(Dataset excerpts)
^^^^^^^^^^^^^^^^
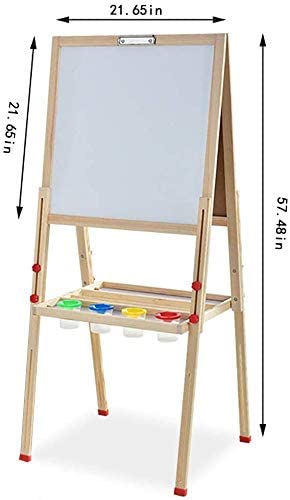 Dripex Kid’s Wooden Art Easel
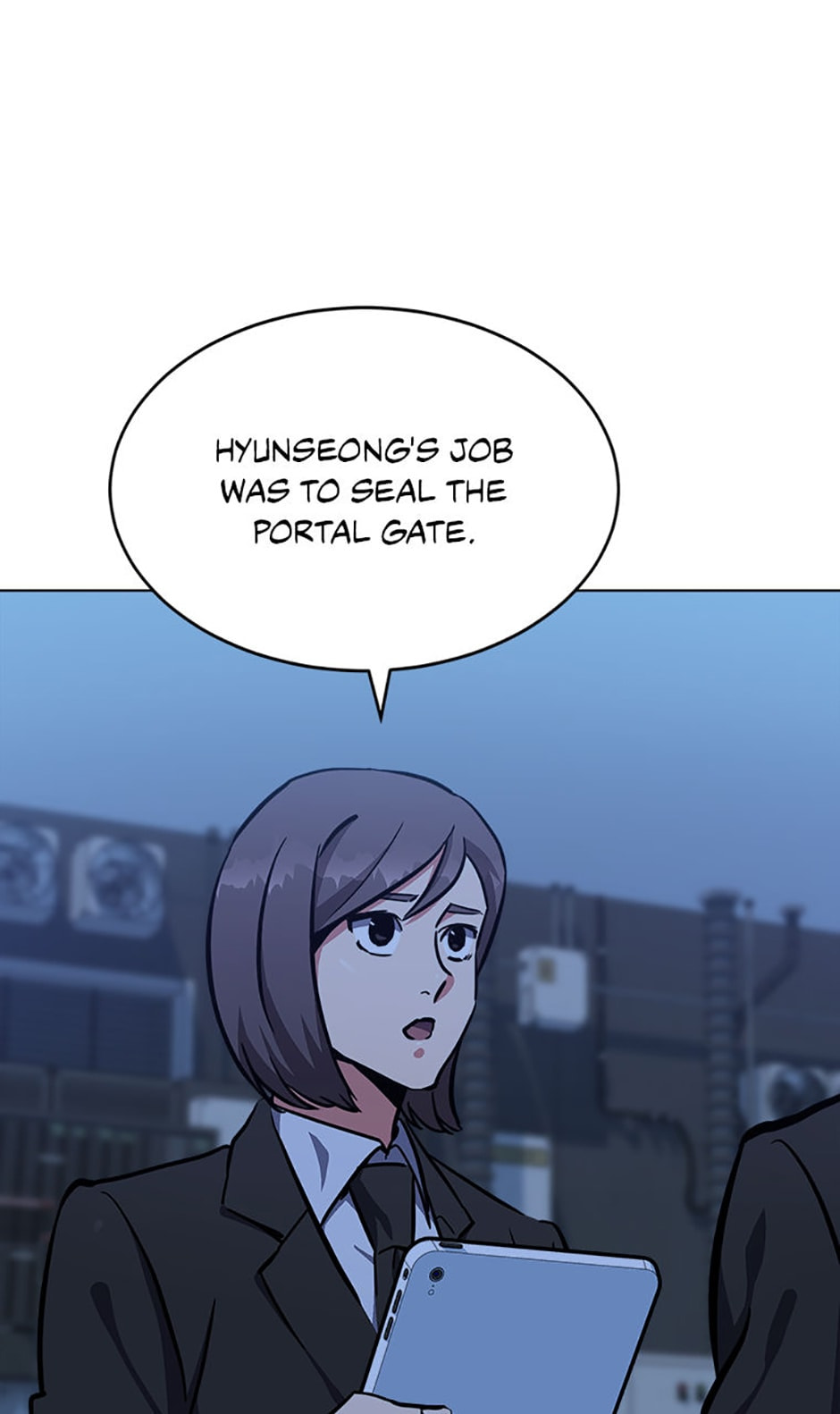 Read Level 1 Player chapter 47 image 12 on Lezhin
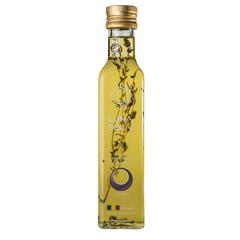 Cold-pressed Sunflower Oil with Thyme, Luna Solai, 250 ml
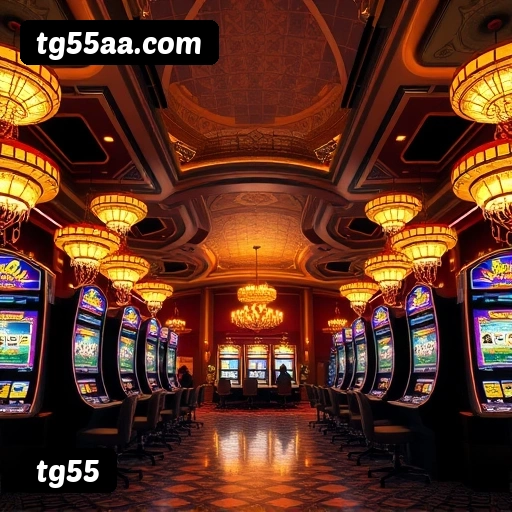 Catálogo slots tg55 mostrando top jogos Gates Olympus Sweet Bonanza Fortune Tiger Big Bass volatilidade RTP
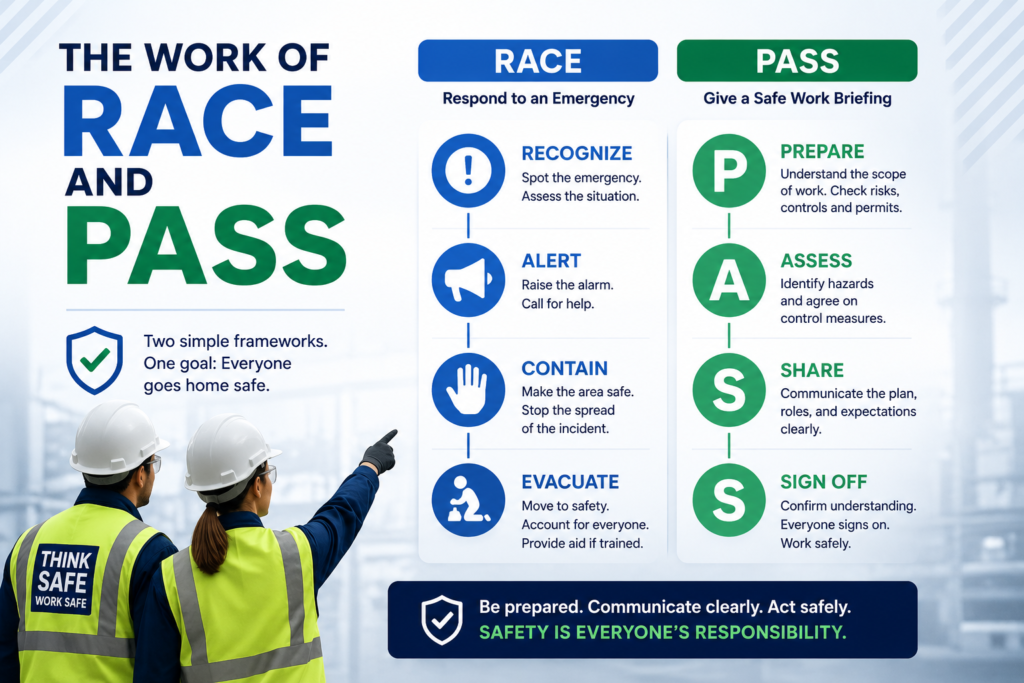 What RACE Stands for in Fire Safety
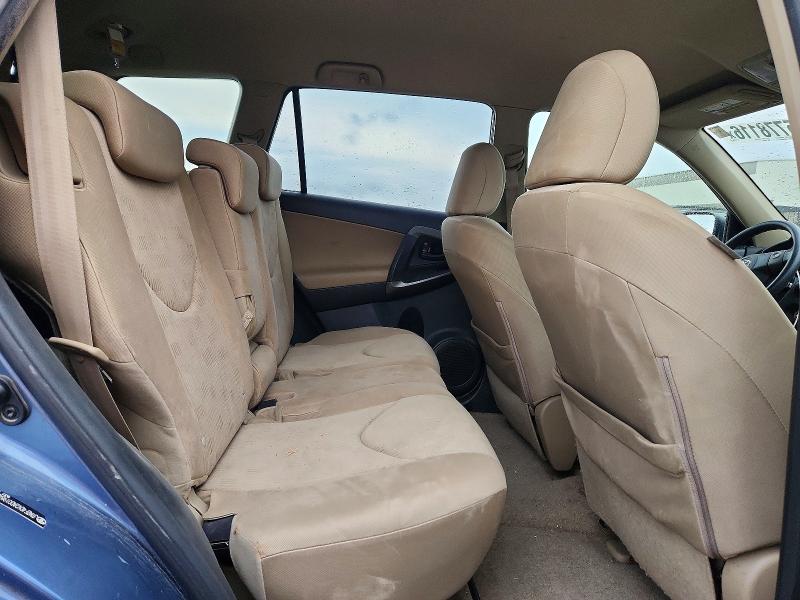 45778116 :رقم المزاد ، JTMZF4DV2AD019842 vin ، 2010 Toyota Rav4 مزاد بيع
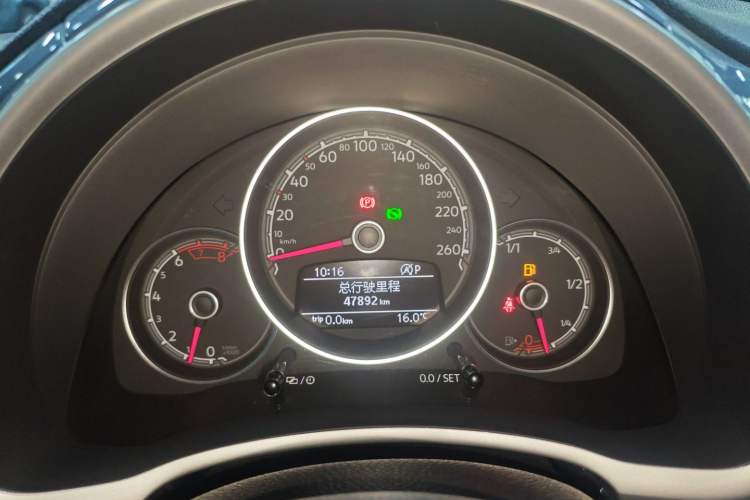 Used Volkswagen Beetle 2018 180TSI Shangle Model
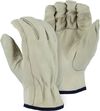 Majestic Glove Cowhide Work Glove XLX-Large, small image number 3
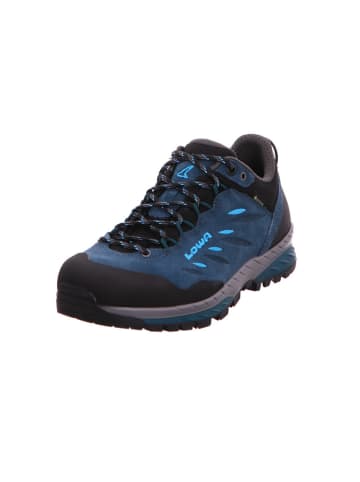 LOWA Wanderschuh in blau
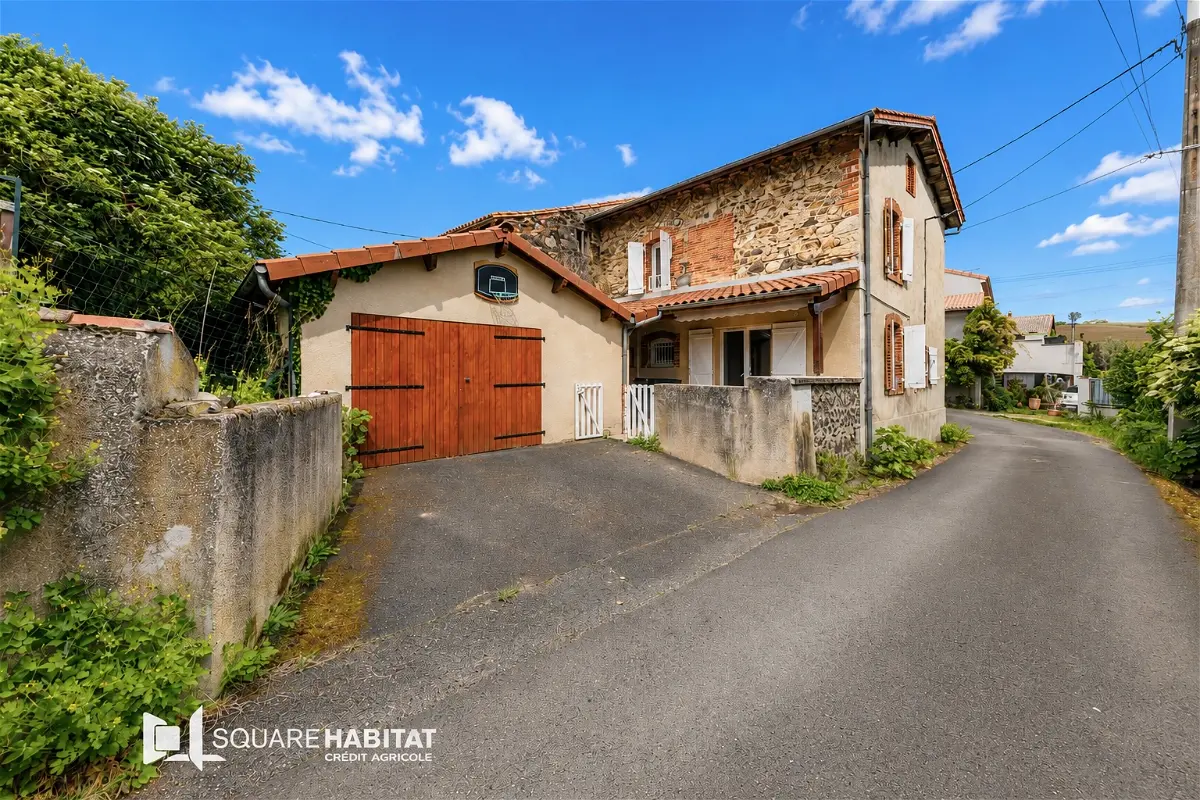 Achat maisonà USSON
^^^^^^^^^^^^^^^^
◆ Task details ◆
Pick up at the line containing "What RACE Stands for in Fire Safety" and copy each line exactly until the data ends, including that last line; copy no pictures.

◆ Task answer ◆
 What RACE Stands for in Fire Safety
 45778116 :رقم المزاد ، JTMZF4DV2AD019842 vin ، 2010 Toyota Rav4 مزاد بيع
 Used Volkswagen Beetle 2018 180TSI Shangle Model
 Majestic Glove Cowhide Work Glove XLX-Large, small image number 3
 LOWA Wanderschuh in blau
 Achat maisonà USSON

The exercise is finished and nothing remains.